Acınmak

98 63 5
                                        

Lale son aradığı iş yerinden de klişe olarak biz sizi arayacağız cevabını aldığı için mutsuz bir şekilde yatağına uzandı. Cebinde metalik kalmamıştı. Bugün kardeşlerini okula gönderirken harçlık verememişti ve bu onun canını oldukça sıkmıştı. Kendisi için parasızlık sorun değildi. Zira kardeşlerine güzel bir hayat sunamamak işte bu onun için büyük bir sorundu.
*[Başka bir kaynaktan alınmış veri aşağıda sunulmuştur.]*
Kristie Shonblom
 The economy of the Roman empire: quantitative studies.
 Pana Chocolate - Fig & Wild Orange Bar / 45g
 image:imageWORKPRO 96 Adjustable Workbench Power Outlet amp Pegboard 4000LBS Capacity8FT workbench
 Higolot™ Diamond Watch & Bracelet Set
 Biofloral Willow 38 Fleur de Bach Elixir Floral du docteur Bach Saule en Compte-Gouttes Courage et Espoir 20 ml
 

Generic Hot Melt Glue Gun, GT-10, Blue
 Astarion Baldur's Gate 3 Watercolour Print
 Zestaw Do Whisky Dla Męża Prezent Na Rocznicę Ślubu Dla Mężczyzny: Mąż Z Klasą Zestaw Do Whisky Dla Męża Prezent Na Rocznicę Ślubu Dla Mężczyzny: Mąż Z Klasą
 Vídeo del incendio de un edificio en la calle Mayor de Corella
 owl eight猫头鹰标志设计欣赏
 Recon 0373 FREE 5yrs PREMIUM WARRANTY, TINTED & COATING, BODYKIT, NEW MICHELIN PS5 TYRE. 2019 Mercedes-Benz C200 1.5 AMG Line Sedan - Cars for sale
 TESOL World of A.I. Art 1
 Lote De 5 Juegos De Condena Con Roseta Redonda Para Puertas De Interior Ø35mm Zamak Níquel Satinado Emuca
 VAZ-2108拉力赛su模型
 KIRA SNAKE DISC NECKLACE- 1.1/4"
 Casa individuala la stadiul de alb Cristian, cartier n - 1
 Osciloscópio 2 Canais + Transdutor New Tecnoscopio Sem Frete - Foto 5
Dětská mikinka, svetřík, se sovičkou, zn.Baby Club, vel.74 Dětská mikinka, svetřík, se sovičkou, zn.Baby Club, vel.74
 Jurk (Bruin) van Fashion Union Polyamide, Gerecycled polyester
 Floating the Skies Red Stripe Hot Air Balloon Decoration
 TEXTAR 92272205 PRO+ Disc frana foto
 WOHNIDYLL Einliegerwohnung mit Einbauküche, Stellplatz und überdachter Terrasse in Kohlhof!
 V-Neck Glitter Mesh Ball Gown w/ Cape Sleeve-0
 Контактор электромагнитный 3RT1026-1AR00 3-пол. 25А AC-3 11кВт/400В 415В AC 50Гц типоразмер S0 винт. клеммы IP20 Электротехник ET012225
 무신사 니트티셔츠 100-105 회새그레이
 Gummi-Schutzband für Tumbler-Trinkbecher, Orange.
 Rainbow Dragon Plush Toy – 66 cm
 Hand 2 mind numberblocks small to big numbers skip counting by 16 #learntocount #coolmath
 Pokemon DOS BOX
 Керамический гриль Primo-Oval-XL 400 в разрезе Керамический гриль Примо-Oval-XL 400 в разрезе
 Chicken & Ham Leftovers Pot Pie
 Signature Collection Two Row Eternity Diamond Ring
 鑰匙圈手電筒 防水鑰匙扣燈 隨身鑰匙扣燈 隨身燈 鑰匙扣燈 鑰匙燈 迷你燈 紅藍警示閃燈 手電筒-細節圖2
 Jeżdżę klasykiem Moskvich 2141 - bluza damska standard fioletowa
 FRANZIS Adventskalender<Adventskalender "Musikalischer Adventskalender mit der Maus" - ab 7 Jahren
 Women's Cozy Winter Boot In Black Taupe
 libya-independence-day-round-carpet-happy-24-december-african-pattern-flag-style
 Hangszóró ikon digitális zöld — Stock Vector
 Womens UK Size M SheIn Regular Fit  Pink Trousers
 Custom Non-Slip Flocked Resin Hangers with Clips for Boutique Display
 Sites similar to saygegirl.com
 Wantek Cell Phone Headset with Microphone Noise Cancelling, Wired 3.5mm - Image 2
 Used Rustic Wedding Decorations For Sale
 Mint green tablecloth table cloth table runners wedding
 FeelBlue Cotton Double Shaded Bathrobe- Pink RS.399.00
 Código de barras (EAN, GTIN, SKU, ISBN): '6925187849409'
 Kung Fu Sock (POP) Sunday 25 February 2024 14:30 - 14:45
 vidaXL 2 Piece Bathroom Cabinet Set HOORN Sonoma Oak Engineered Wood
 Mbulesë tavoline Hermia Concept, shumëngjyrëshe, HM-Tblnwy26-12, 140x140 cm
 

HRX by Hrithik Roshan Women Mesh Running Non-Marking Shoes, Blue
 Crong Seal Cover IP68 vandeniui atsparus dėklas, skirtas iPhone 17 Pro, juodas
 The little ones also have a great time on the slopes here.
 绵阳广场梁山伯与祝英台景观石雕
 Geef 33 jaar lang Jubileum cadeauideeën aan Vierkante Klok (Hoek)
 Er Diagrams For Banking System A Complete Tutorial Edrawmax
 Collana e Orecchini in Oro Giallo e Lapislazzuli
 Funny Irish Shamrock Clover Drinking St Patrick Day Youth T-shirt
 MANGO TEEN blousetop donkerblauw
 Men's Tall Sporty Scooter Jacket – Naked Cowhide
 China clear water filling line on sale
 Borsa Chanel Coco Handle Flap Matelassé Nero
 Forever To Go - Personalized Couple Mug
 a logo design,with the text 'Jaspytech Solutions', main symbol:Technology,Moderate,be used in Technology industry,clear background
Akşam yemeği yapmak için ise buzdolabında pek bir şey yoktu. Anlaşılan yine patates yemeği yapması gerekecekti. Gurur yapacak durumda olmadığını anlıyordu. Ayağına gelen işin hem maaşı şu ana kadar alacağı en yüksek maaş olacaktı hem de ilk defa kendi mesleğini yapabilmek için en azından deneyim kazanmak için büyük bir fırsattı. Gel gör ki Mehmet'ten hala iliklerine kadar nefret ediyordu. İçindeki tüm kötü duygular sadece Mehmet'i anmakla kabarıyordu. Yapacak bir şey yoktu, başka seçenek kalmamıştı. Hem o sadece işini yaparsa ve Mehmet ile çok karşılaşmamaya çalışırsa bir sorun çıkmazdı...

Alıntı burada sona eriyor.